BRIGITTE PAPPE (Gründerin MoselTweed):
Es ist total absurd, wenn man überlegt, die Aufkäufer hier kaufen die Wolle auf, schicken die nach China zum Waschen, und dann wird sie wieder zurückgeschickt, nach Paris, dann ist da ein Faden drum, und dann ist sie auf einmal toll.

SPRECHER:
Brigitte Pappe hat sich das Schneidern selbst beigebracht. Eigentlich ist sie gelernte Zahnarzthelferin. Doch jetzt ist sie Unternehmerin mit einer Leidenschaft für Wolle. Ihr neuestes Projekt: Mosel-Tweed.

BRIGITTE PAPPE:
Da ich ein Fan von Harris-Tweed bin, was ja auch aus Wolle ist, hab ich mich damit mal auseinandergesetzt, ob unsere Schafe hier in dieser Region, ob diese Wolle geeignet ist für ein Tuch. Und sie ist sehr gut geeignet für ein Tuch. Und das war dann so der Grund, wo ich gesagt hab, okay, dann kümmer ich mich jetzt mal um das Retten der Wolle.

SPRECHER:
Den Stoff lässt sie in Deutschland herstellen, ausschließlich mit Wolle aus ihrer Region. 100 Meter hat sie schon. Mit ihren Mitarbeitern näht sie daraus Westen, Mützen und Sakkos.

BRIGITTE PAPPE:
So muss das sein, schau mal.

SPRECHER:
Unterstützung bekommt Pappe von der Wagenfelder Spinnerei. Den Stoff in einem globalisierten Textilmarkt regional herzustellen, ist schwierig. Zu hoch sind die Produktionskosten, zu gering die Mengen. Auch Pappes Wolle wird hier verarbeitet, gefärbt und zu einem Faden gesponnen. Deutsche Wolle spielt im internationalen Massenmarkt jedoch keine Rolle.

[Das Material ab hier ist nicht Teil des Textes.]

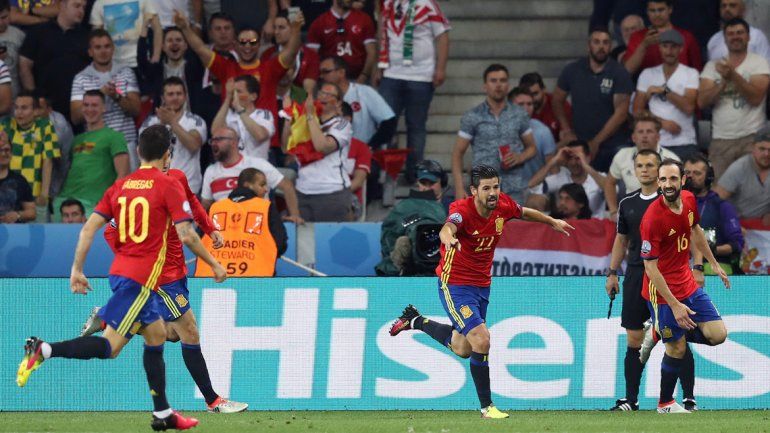 Nolito festeja su gol.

DIETMAR WEBER (Geschäftsführer Wagenfelder Spinnereien):
Wir bekommen unsere Wolle aus der ganzen Welt. Wir bekommen sie von Neuseeland, von Australien, von Südamerika. Wir bekommen sie auch aus England. Wir beziehen unsere Wolle, je nachdem, welche Ansprüche wir erfüllen müssen, bekommen wir unsere Wollen von überallher.

SPRECHER:
Auf 220 Tonnen neuseeländischer Wolle pro Monat kommen hier 10 Tonnen deutsche Wolle – pro Jahr. Der Rohstoff aus Down Under als Massenprodukt ist reiner, etwas weicher, effizienter produziert und deshalb sogar billiger. Weber unterstützt das Projekt, glaubt in naher Zukunft aber nicht an das Big Business mit deutscher Wolle.

DIETMAR WEBER:
Der Verbraucher ist heute leider nicht bereit, mehr Geld zu investieren, mehr Geld auf den Ladentisch zu legen. Für ihn ist die Schnelllebigkeit wichtig. Die Mode, der Modewechsel. Und dafür muss es möglichst billig sein. Hier muss ’n Umdenken stattfinden. Das wäre wünschenswert.

SPRECHER:
Brigitte Pappe glaubt trotzdem an ihren Stoff. Auch wenn sie oft noch teuer ist, die Nachfrage nach nachhaltiger Kleidung wächst. Pappes Ziel ist es, irgendwann 10.000 Meter Mosel-Tweed in Auftrag zu geben. Einen Massenmarkt will sie damit aber nicht bedienen.

BRIGITTE PAPPE:
Also, mein erstes Ziel ist es, Nachmacher zu finden. Ich will keine Millionen. Ich möchte zufriedene Mitarbeiter. Ich möchte am Ende des Monats wissen, dass ich ein Einkommen hab für mein Auskommen. Und ich möchte mit allen, die an dieser Kette zusammenhängen, also mit mir zusammenarbeiten, gerne mit mir zusammenarbeiten, weil sie einen Preis bekommen, der ihrer Arbeit wert ist.